Dengan begitu demokrasi mengandaika adanya persamaan dalam moralitas semua orang, tetapi dalam formula negative, bahwa setiap orang dengan kebajikan yang aneka, dapat jatuh dalam kesalahan yang sama, khususnya ketika mereka menggenggam kekuasaan. Doktrin nobblese oblige digusur oleh prinsip power tends to corrupt: kecendrungan terhadap penghianatan dan kejahatan selalu melekat pada kekuasaan. Sebab kecenrungan kekuasaan untuk memperbesar dirinya jauh lebih kuat daripada kemampuannya membatasi, mengawasi, dan mengeritik dirinya. Dalam demokrasi diandaikan bahwa kekuasaan yang lebih besar memberi kesempatan untuk kesalahan dan penyelewengan yang semkain serius.
Itu sebab pemimpin yang baik dalam system demokrasi tak sekedar pemimpin teladan, tetapi pemimpin yang tunduk pada pengawasan public: pisau hukum dan control social para warga, yang didalam konteks organisasi Pemimpin harus tunduk pada pengawasan para kader dan anggotanya. Pemimpin yang baik diandaikan bisa melakukan kesalahan, tapi ida harus siap untuk dikoreksi. Legitimasinya terbangun justru di atas moral courage; siap mengakui kesalahannya, memperbaikinya, dan bersedia menerima sanksi akibat kesalahan tersebut, ketimbang berkelik dengan berbagai dalih dan mengelak dari kesalahan. Inilah jalan “ketangguhan sang pemimpin.
Ada kearifan yang mengalir deras dalam jantung kesadaran masyarakat Eropa, house is made of bricks, home is made of love; House dibangun dengan batu bata, home dibangun dengan cinta. Jika wujud materi bangunan sebuah rumah adalah house, maka spirit, tradisi, filosofi, ilmu, bahasa, seni, kesalehan, dan cinta yang menubuh didalamnya adalah home.
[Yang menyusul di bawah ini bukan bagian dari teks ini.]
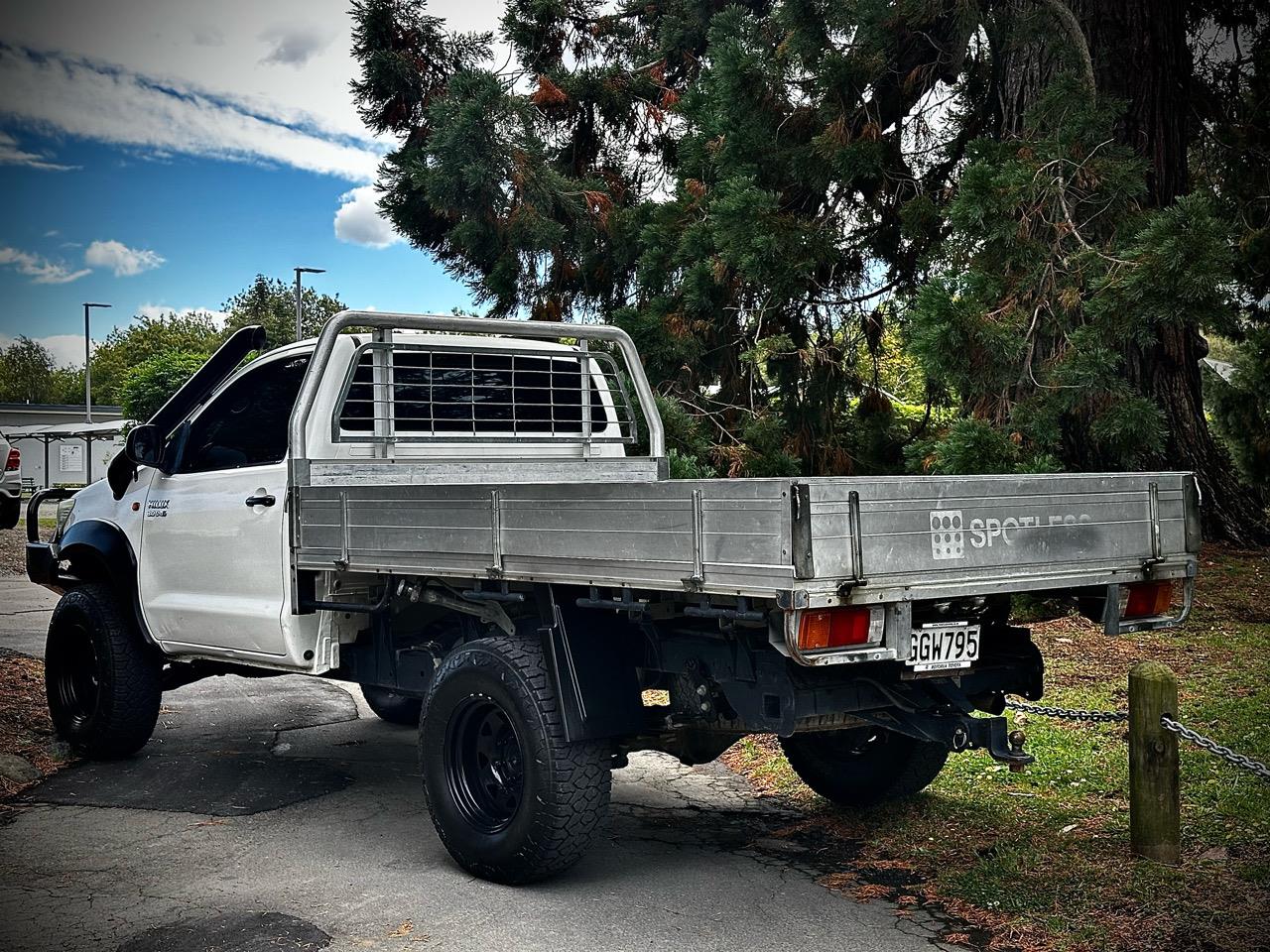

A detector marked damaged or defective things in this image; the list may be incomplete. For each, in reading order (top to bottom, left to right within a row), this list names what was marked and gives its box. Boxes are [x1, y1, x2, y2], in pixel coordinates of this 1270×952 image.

cracked pavement [0, 573, 954, 952]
Ketika rumah hanya dipahami sebagai bangunan asri nan megah, tatanan material yang apik, lantas mengabaikan semangat/etos, ruh, dan jiwa apa yang mendasari setiap nafas konstruksinya, maka sejak itu rumah telah kehilangan otentisitasnya.
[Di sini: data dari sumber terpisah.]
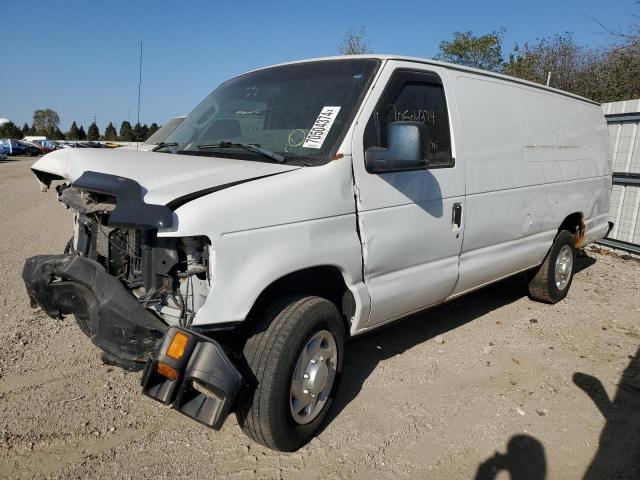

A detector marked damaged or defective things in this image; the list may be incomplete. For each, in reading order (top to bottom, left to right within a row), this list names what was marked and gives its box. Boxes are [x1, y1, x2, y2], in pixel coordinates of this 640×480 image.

crumpled hood [34, 148, 302, 204]
detached front bumper [22, 255, 168, 368] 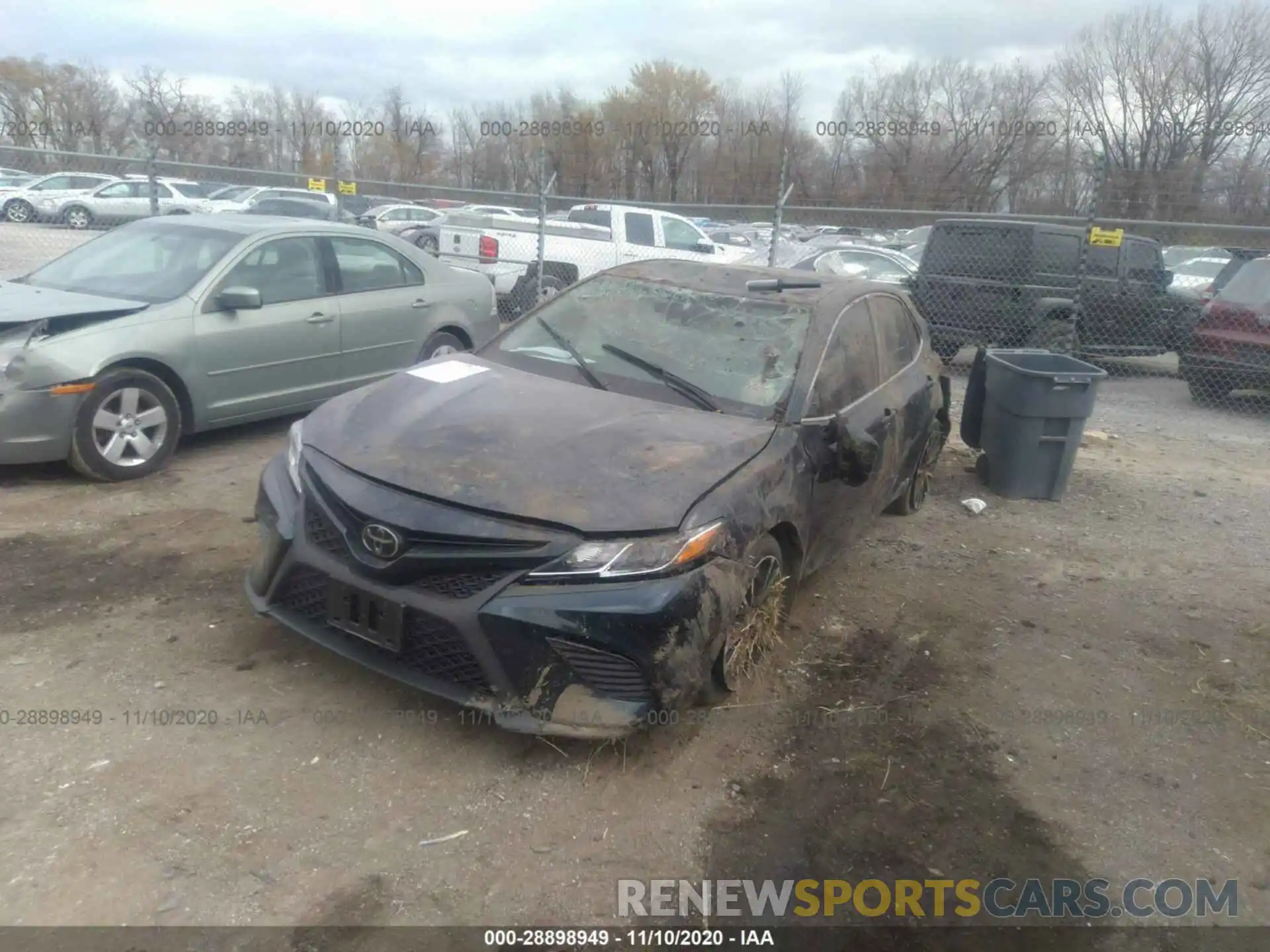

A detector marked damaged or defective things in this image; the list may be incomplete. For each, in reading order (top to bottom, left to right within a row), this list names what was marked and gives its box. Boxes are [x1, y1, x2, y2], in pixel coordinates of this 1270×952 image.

burnt car hood [0, 283, 149, 327]
cracked windshield glass [490, 271, 808, 413]
burnt car hood [303, 358, 777, 538]
damaged black toyota camry [247, 262, 950, 746]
HMI sebagai Organisasi, seperti halnya rumah, juga mengandaikan identitas yang otentik: wadah perjumpaan cita-cita, gagasan, mimpi, dan harapan para penghuninya. Tapi, rumah yang menyisakan sesuatu yang genting. Sebab, pencarian sungguh-sungguh terhadap otentisitas, kini tengah termangsa oleh imperium citra dan semesta imajinasi. Hal itu senafas dengan apa yang digalaukan Androno dalam the Jargon of Authenticity (1983) sebagai suasana penuh jebakan dan perangkap yang menyesatkan, karena dunia citra dan simulacrum dipenuhi oleh jargon-jargon semu, termasuk jargon keotentikan. Realitas kontemporer kita kini tengah tersedot ke dalam “lubang hitam” post-realitas: sebuah realitas palsu yang tidak lagi setia terhadap ada-otentik. Itu sebab, pembangunan rumah, dan juga organisasi: HMI, meniscayakan gerak pendulum serta menjaga keseimbangan antara “house” dan “home”.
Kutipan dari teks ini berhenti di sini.